A liberdade humana em Kafka
(Mauro Dellal)
“- Bem – disse Gregor, muito convicto de ser o único que conservara a serenidade. – Bem, visto-me num instante, recolho o mostruário e saio de viagem. Permitir-me-eis que saia de viagem, não é? Eia, senhor gerente, já vê que não sou teimoso e que trabalho com gosto. Viajar é cansativo; mas eu não saberia viver sem viajar. Aonde vai, senhor gerente? À firma? Sim? Contará tudo como aconteceu? Alguém pode ter um instante de incapacidade para o trabalho; mas então é precisamente quando os chefes devem lembrar-se de quão útil ele tem sido, e pensar que, passado o impedimento, voltará a ser tanto mais ativo e trabalhará com maior zelo. Eu, como o senhor sabe muito bem, estou muito agradecido ao chefe.”
O texto acima, representativo do conto de Franz Kafka, Metamorfose, põe-se em paralelo com o texto “Diante da Lei”, do romance do mesmo autor, O processo. Em ambos, a questão da busca da liberdade, reconhecida aqui como a condição humana primordial para o caminho da sua completude, é tratada com diferentes metáforas.
Enquanto que em Metamorfose o autor se utiliza de uma imagem fictícia (a transformação de Gregor em inseto) para tornar palpável e atingível sua situação de prisioneiro de um sistema perverso, em Diante da Lei temos a caracterização dessa situação incômoda como um desafio a ser ultrapassado. Os textos têm um ponto de reflexão em comum: o doloroso caminho que leva ao ser livre; de arbítrio sincero e produtivo. Para Gregor, que odeia seu trabalho, o bem-estar de sua família está acima de qualquer sacrifício seu. E ela incorpora de tal forma essa condição de proteção que o filho provê, que acaba por se transformar na mais perfeita máquina opressora. Gregor está diante da lei (o gerente) e não tem coragem de enfrentá-lo, mesmo em sua nova e aterrorizante situação. Pouco importa a ele seu estado. Precisa trabalhar para que sua família viva feliz.

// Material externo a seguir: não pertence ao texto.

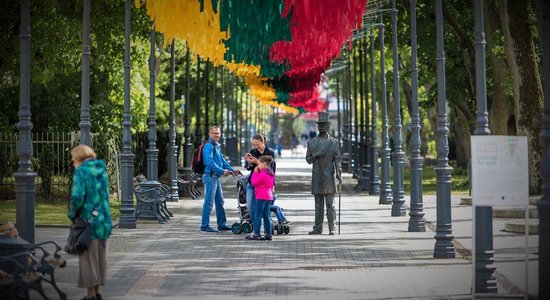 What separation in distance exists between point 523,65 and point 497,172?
54.0 feet

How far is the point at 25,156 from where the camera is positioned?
13867 mm

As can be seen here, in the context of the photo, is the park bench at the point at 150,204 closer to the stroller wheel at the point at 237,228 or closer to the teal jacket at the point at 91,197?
the stroller wheel at the point at 237,228

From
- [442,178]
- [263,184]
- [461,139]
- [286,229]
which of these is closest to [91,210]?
[442,178]

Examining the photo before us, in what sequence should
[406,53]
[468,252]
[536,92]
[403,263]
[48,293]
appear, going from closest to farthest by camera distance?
1. [48,293]
2. [403,263]
3. [468,252]
4. [536,92]
5. [406,53]

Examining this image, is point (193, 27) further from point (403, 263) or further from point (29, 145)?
point (403, 263)

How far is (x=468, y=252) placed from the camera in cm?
1870

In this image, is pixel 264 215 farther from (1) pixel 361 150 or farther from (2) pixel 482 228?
(1) pixel 361 150

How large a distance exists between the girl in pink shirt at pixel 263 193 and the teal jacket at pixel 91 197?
8280 mm

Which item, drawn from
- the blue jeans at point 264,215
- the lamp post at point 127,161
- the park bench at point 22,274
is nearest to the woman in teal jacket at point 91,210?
the park bench at point 22,274

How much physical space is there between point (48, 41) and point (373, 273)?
2173cm

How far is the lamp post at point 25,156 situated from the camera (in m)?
13.6

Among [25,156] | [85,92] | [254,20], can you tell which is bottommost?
[25,156]

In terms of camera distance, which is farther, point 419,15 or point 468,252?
point 419,15

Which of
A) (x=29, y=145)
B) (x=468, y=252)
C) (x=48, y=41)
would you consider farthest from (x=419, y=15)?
(x=29, y=145)
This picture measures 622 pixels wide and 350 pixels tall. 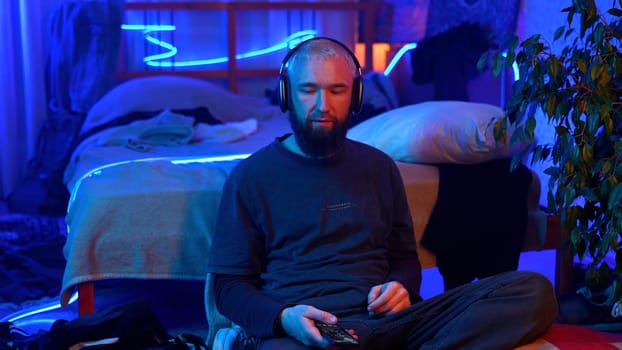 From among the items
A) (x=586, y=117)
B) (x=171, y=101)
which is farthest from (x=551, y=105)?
Answer: (x=171, y=101)

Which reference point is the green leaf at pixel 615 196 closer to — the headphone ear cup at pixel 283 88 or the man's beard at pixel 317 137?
the man's beard at pixel 317 137

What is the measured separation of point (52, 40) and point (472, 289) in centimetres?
352

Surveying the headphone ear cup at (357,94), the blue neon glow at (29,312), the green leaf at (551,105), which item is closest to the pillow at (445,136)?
the green leaf at (551,105)

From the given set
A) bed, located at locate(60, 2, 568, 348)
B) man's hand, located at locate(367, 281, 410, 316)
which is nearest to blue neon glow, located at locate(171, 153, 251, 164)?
bed, located at locate(60, 2, 568, 348)

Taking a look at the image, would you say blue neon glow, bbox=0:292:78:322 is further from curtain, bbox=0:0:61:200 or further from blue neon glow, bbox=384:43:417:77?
blue neon glow, bbox=384:43:417:77

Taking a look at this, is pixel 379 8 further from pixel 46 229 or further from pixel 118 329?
pixel 118 329

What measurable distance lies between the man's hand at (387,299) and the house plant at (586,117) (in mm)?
564

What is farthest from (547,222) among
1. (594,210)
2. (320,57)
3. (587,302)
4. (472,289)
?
(320,57)

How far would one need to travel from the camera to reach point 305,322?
1.60 metres

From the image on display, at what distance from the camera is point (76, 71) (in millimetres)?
4551

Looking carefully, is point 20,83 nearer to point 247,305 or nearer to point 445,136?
point 445,136

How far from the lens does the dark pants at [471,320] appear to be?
1681 millimetres

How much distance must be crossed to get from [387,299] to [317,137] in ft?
1.32

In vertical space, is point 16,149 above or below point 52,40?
below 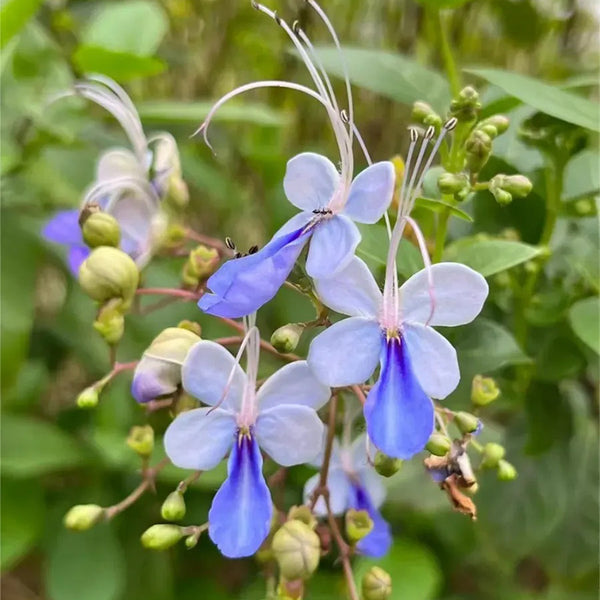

No texto de O Processo, o homem diante da lei é a todo momento desafiado pelo guarda. Também lhe falta a coragem para desafiar as normas da sociedade e encontrar-se perante sua liberdade. A metamorfose, nesse caso, se dá por vias naturais: o homem envelhece com o tempo; perde as faculdades, e a capacidade de seus sentidos diminuem. O cronológico é o fator temporal, a vida passada em branco. Quando o guarda lhe diz que aquela porta era só dele, Kafka estabelece a individualidade latente do ser humano, isto é, o caminho de cada um é feito de acordo com as necessidades e oportunidades de cada um, independentemente de um compromisso social que está na esfera do bom senso e não de uma obrigatoriedade pessoal.